When we think of Italian society and culture, we often think of a people with strong tradition, pride and family values; but with the ever changing social climate, does modern Italy still share these almost 'stereotypical' attributes?
The importance of the family unit to Italians
Italians have always been known for their family loyalty, and the family-unit is very much still the core of society. This means that Italians often grow up with a sense of responsibility, respect for elders, and loyalty to their family; all of which are very positive attributes. In a survey by CENSIS (the Center for Social Investment Studies), 65.4% of Italians identified a 'sense of family' as their number one fundamental value.
One negative side to this is perhaps seen in the way Italian society has lagged behind its European counterparts in developing a strong youth workforce. Many young Italians who have grown up in a secure family environment have little incentive to become financially independent. Furthermore, there is less incentive to develop employable skills in Italy because there is a 'culture' of employing one's own family members, regardless of whether they are qualified for the position or not. Through this, the cementing of the family structure- a fundamentally positive thing- has led to a generation of over-indulged children who never grow up and are still living at home at the age of thirty.

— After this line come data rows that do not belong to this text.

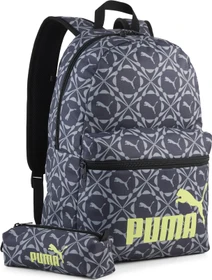 Puma Phase 20l Set moody gray/smokey gray/geometric aop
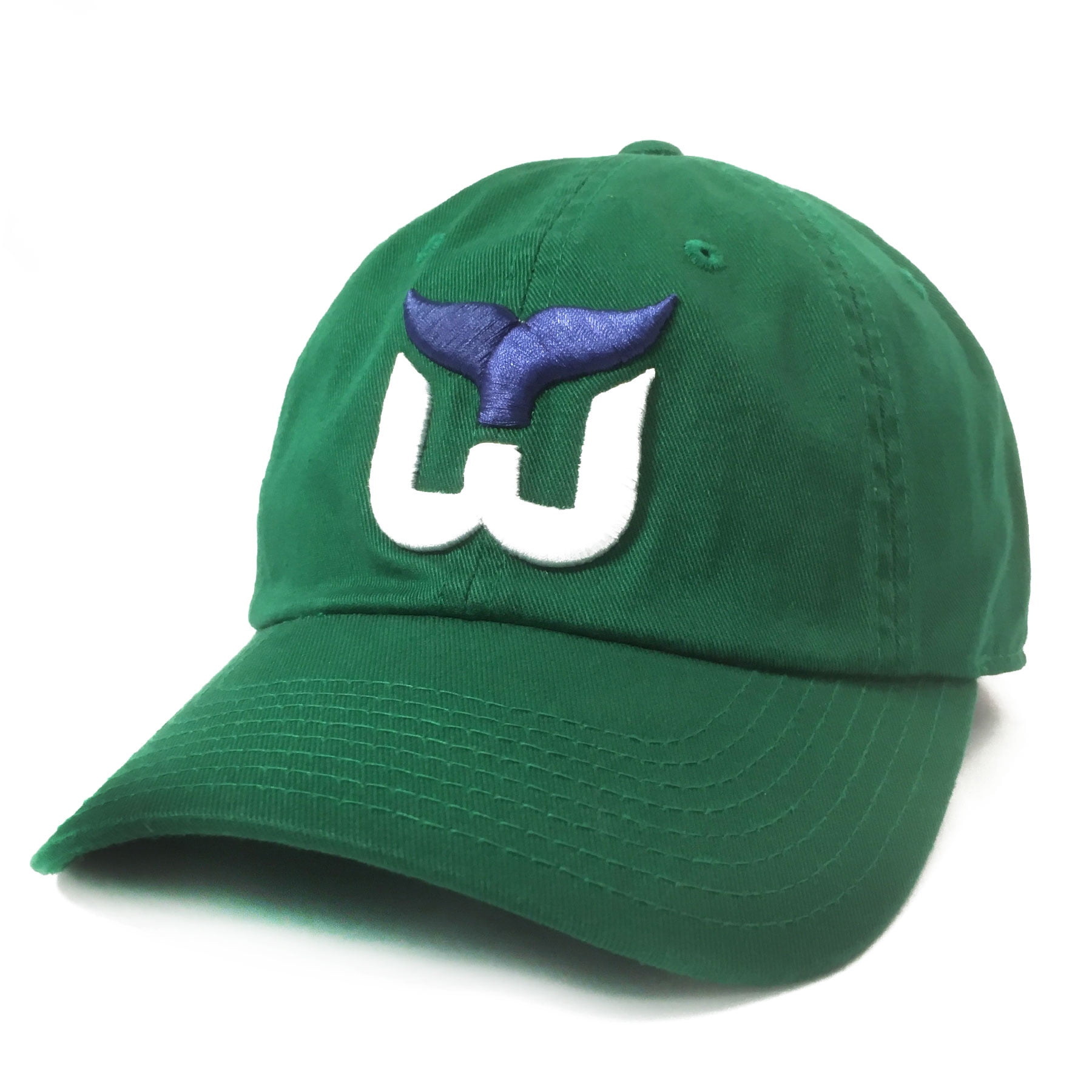 vintage hartford whalers hat
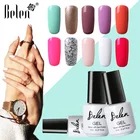 Гель для ногтей Belen, 7 мл, УФ-гель для ногтей, белый, черный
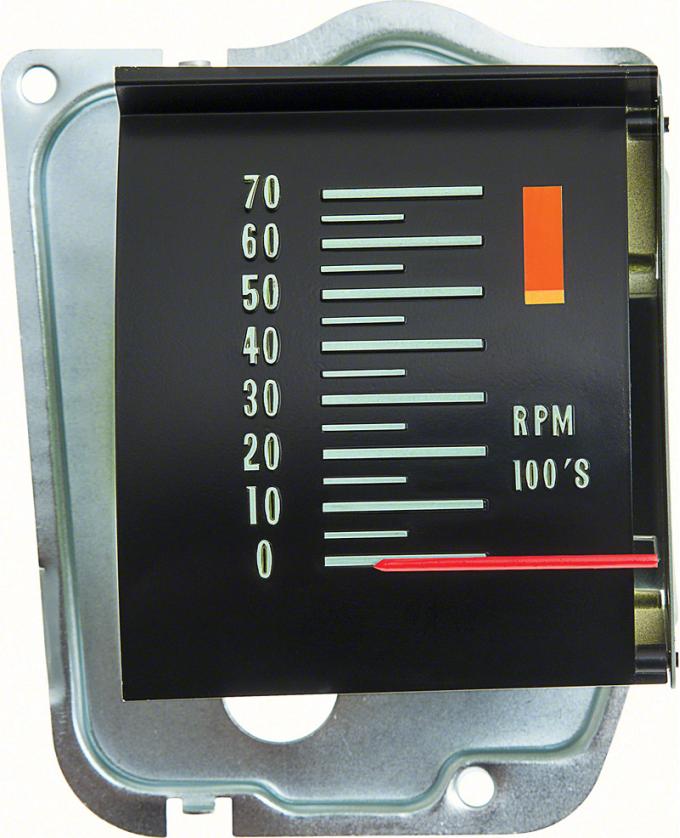 OER 1968 Chevelle Tachometer With 5000 RPM Redline 6468821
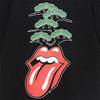 ザ・ローリング・ストーンズ / RS No,9 Harajuku The Rolling Stones Tradman's Collabed Tee【Black】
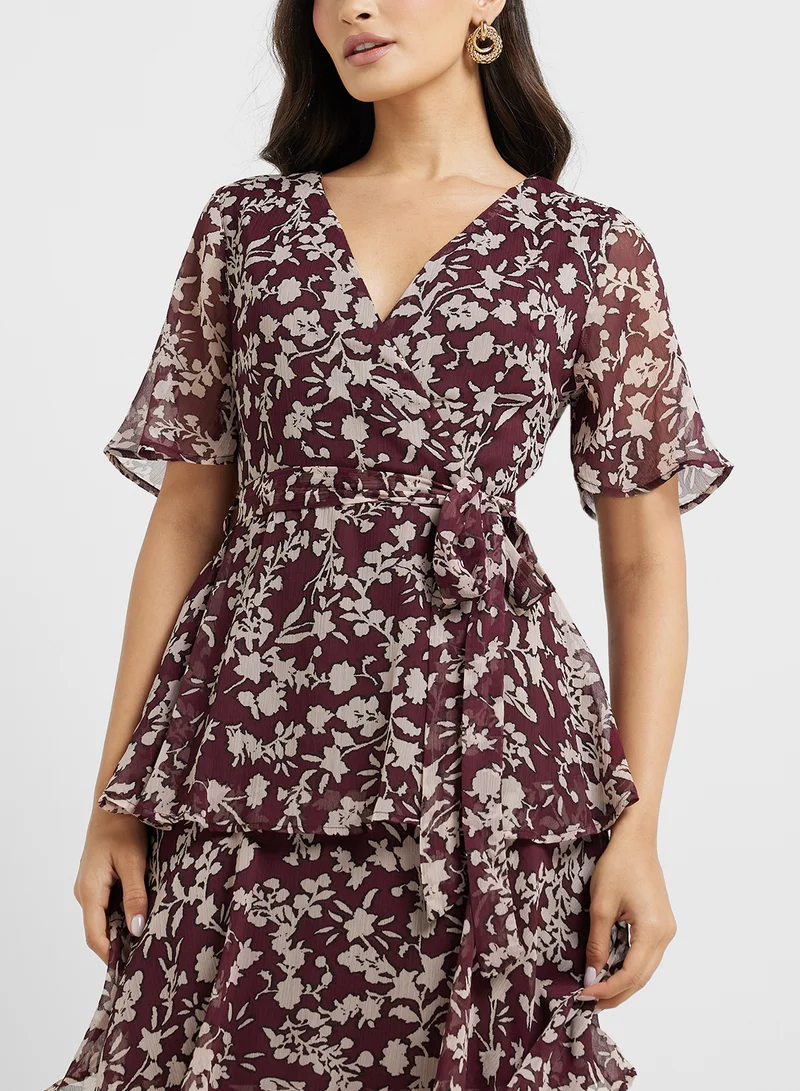 ELLA Floral Print Dress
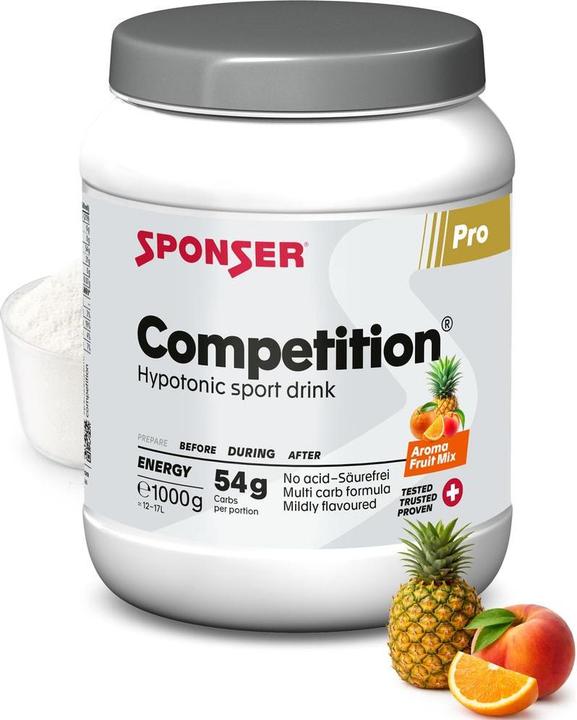Produktbild Sponser Competition (Fruit Punch, 1x)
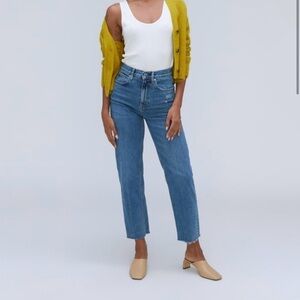 Everlane The Way-High® Jean Distressed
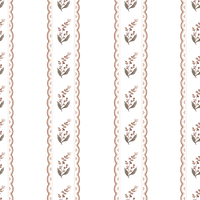 Frances  Pattern - Autumn Colourway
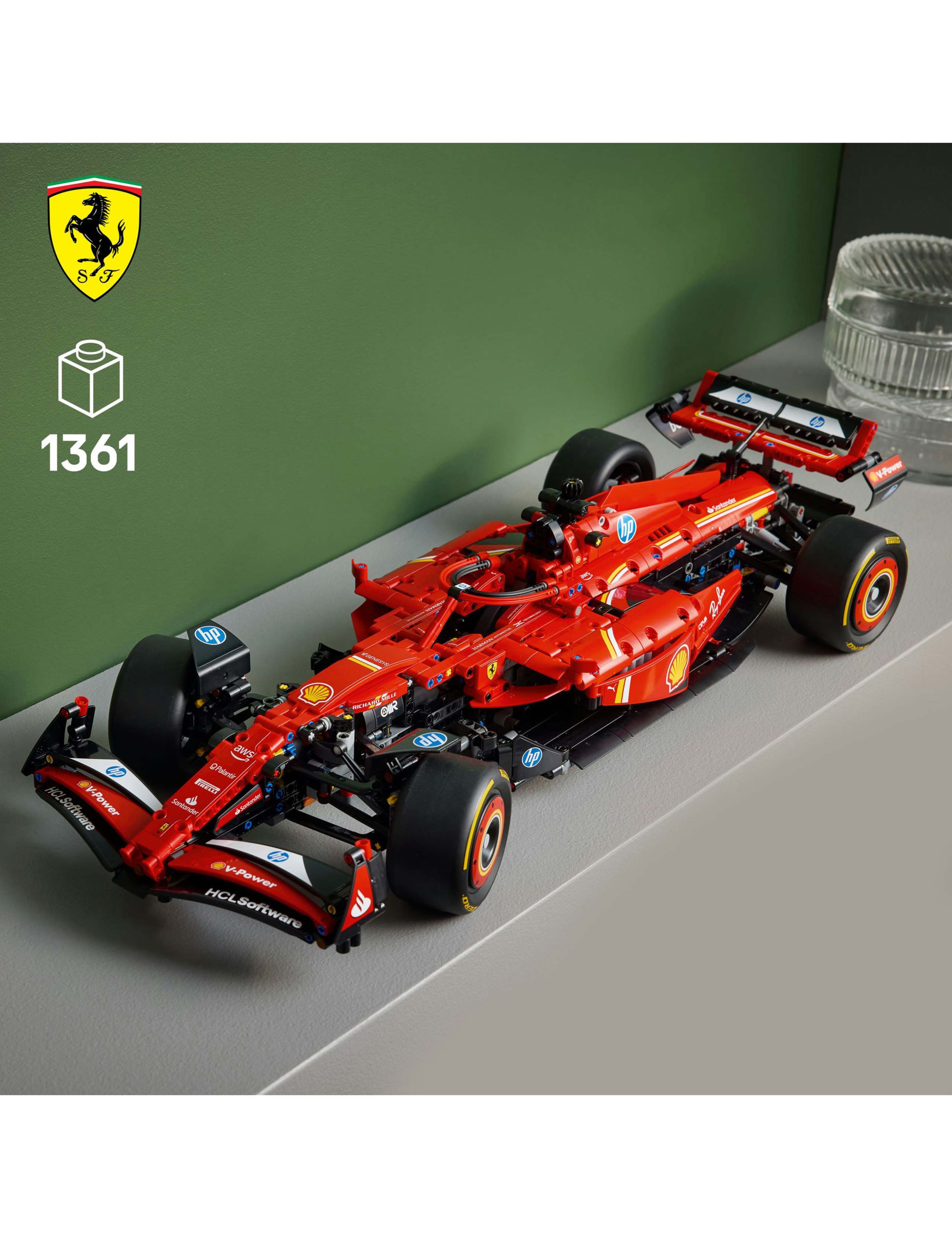 LEGO® Technic Ferrari SF-24 F1 Car Model Kit 42207 (18+ Yrs) 6 of 6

Religion's place in Italian society
Another aspect of life that Italians indicated as being close to their heart is religion. Given that Italy is the home of Catholicism worldwide, it is no surprise that 21% of Italians view their religion as the most important aspect of their life. What is perhaps more surprising, is that a quick analysis of statistics regarding religion in Italy shows that whilst 45.1% of Italians described themselves as followers of an 'organized religion' in the 1980s, a more recent report shows that the figure has now grown to 65.6% - effectively bucking all comparative trends in other European countries.
Italy: A country of people who appreciate life
One final value that Italians hold in high regard is what the CENSIS survey labelled the 'love for the beautiful'. The definition for this 'appreciation' varied from living in a aesthetically-pleasing surrounding, through to simply enjoying food, drink and good company. The 'joie de vivre' approach of Italian lifestyle has been well-documented in both film and literature, and has become intrinsic to what it means to be Italian.